What are the most important political lessons of 2012?

First, we saw the end of the electoral power—at the national level—of the Republican Party's theologically rigid agenda. Mitt Romney's primary season embrace of the social and economic agenda of the more rabid elements of his party doomed him, especially the shrill immigration rhetoric and the harshly insensitive theory that no additional sacrifice or contribution should be sought from those at the top. When he tried to move away from the sharpest edges of this during the general election, the public didn’t trust him.

Romney's defeat was not simply the arithmetic of voting blocs; it was the larger statement that "We all did build this." The sense of community in our politics and society re-asserted itself against the hard individualism of the right. Hence the near certainty that Congress will enact immigration reform and tax rates that require the wealthiest to pay more. The two theologians of the Republican Party—Grover Norquist on taxes and Wayne LaPierre on guns—are now struggling. This is good for our politics.

Second, the president did best and crafted his majority when he spoke to true progressive values. During much of his first term he was quite tepid in his embrace of those values. And his poll numbers were flat, the public disengaged from his efforts. But when he finally spoke up on the agenda that the public cares about—from same-sex marriage to immigration reform to a fair distribution of the tax burden—the public responded. The lesson is clear: The timorous politics of so many Democrats who feel compelled to rush to the middle, to be meek, to shy away from the agenda of change that is needed, is not only wrong substantively, it is wrong politically.

Third, revolutions are messy things. The initial euphoria of the Arab spring—the most important foreign policy event of the past several years—has now been replaced by the grind of upheaval that has no clear direction. Yet the move toward secular society does seem to have traction, the desire for freedom as we understand it seems to be real. There are countervailing forces—the Islamists' desire to impose an intolerant theology. Yet in Egypt and elsewhere the foundation of democracy is visible, if under threat. Whether the state of Egypt ends up replicating Pakistan (we hope not) or Turkey (we hope so), it surely will not be Iran. The Middle East is still a mess, from Syria to Iran. Yet it does appear to be moving in the right direction.

Fourth, just because I can't resist coming back to this issue at least briefly, our financial system is still fraught with structural problems. From insider trading to LIBOR bid-rigging to analysts still shilling for IPOs they have an interest in, the problems continue.
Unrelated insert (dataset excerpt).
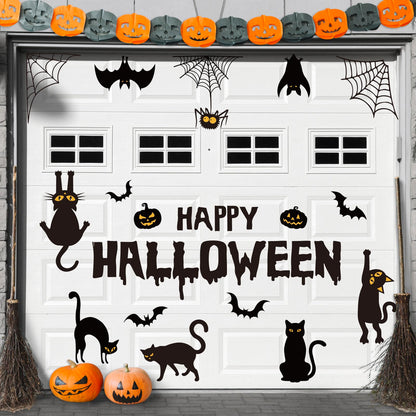 JarThenaAMCS 30 Pcs Halloween Garage Magnets Decoration Black Cat Bat Pumpkin Spider Web Garage Door Decals Magnetic Refrigerator Stickers for Halloween Party Home Car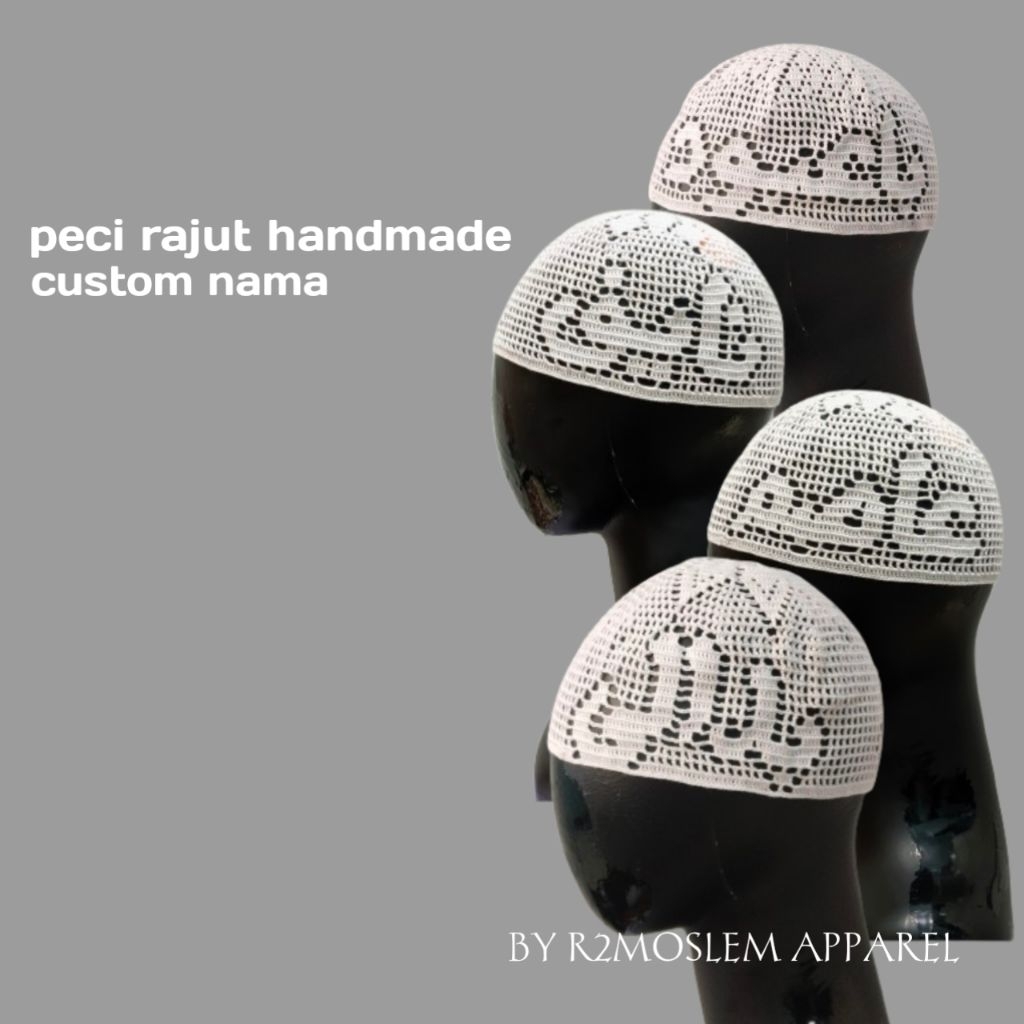 peci rajut handmade | peci rajut custom nama | peci tarim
It is part human nature, part our failure to sanction properly when we need to, part our government's failure to have the backbone to restructure a system that is clearly unstable and flawed.

What a year it has been. And while 2013 will not see a major national election, we can be sure that most Republicans will obstruct and some Democrats will appease.  We can be sure that the Middle East will continue to be a source of vexing questions that need solutions.  And we can be very sure that Wall Street will not fix itself.  Which is why we will have loads to discuss.

Have a wonderful holiday and New Year.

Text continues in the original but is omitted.